6. Working With Dataframes Using pandas

Data scientists work with data stored in tables. This chapter introduces dataframes, one of the most widely used ways to represent data tables. We’ll also introduce pandas, the standard Python package for working with dataframes. Here’s an example of a dataframe that holds information about popular dog breeds:

grooming food_cost kids size
breed
Labrador Retriever weekly 466.0 high medium
German Shepherd weekly 466.0 medium large
Beagle daily 324.0 high small
Golden Retriever weekly 466.0 high medium
Yorkshire Terrier daily 324.0 low small
Bulldog weekly 466.0 medium medium
Boxer weekly 466.0 high medium

In a dataframe, each row represents a single record—in this case, a single dog breed. Each column represents a feature about the record—for example, the grooming column represents how often each dog breed needs to be groomed.

Dataframes have labels for both columns and rows. For instance, this dataframe has a column labeled grooming and a row labeled German Shepherd. The columns and rows of a dataframe are ordered—we can refer to the Labrador Retriever row as the first row of the dataframe.

Within a column, data have the same type. For instance, the food_cost column contains numbers, and the size column contains categories. But data types can be different within a row.

Because of these properties, dataframes enable all sorts of useful operations.

Note

As a data scientist, you’ll often find yourself working with people from different backgrounds who use different terms. For instance, computer scientists say that the columns of a dataframe represent features of the data, while statisticians call them variables instead.

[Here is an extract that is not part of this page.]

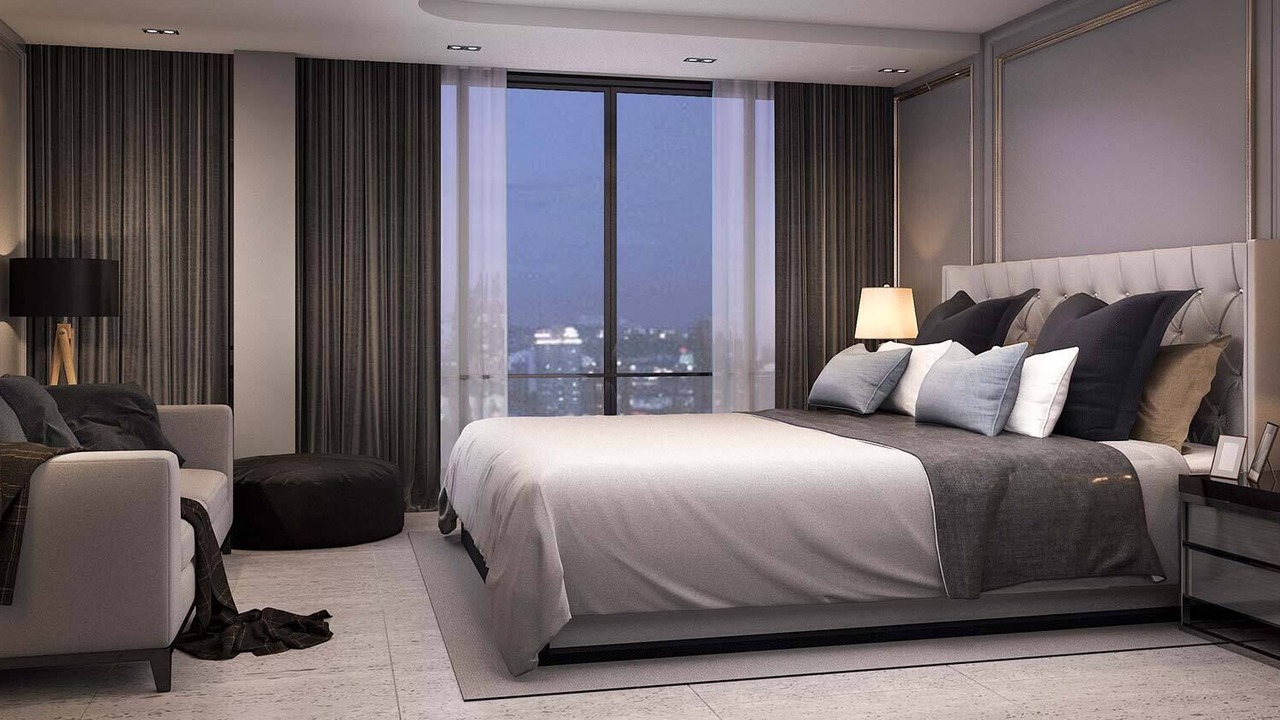 Photo of Bedroom in Misrikh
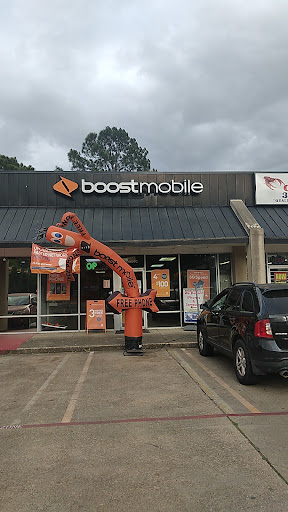 Boost Mobile Store, 11650 Jones Rd c, Houston, TX 77070, USA,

Other times, people will use the same term to refer to slightly different things. Data types in a programming sense refers to how a computer stores data internally. For instance, the size column has a string data type in Python. But from a statistical point of view, the size column stores ordered categorical data (ordinal data). We talk more about this specific distinction in the Exploratory Data Analysis chapter.

In this chapter, we’ll show you how to do common dataframe operations using pandas. Data scientists use the pandas library when working with dataframes in Python. First, we’ll explain the main objects that pandas provides: the DataFrame and Series classes. Then, we’ll show you how to use pandas to perform common data manipulation tasks, like slicing, filtering, sorting, grouping, and joining.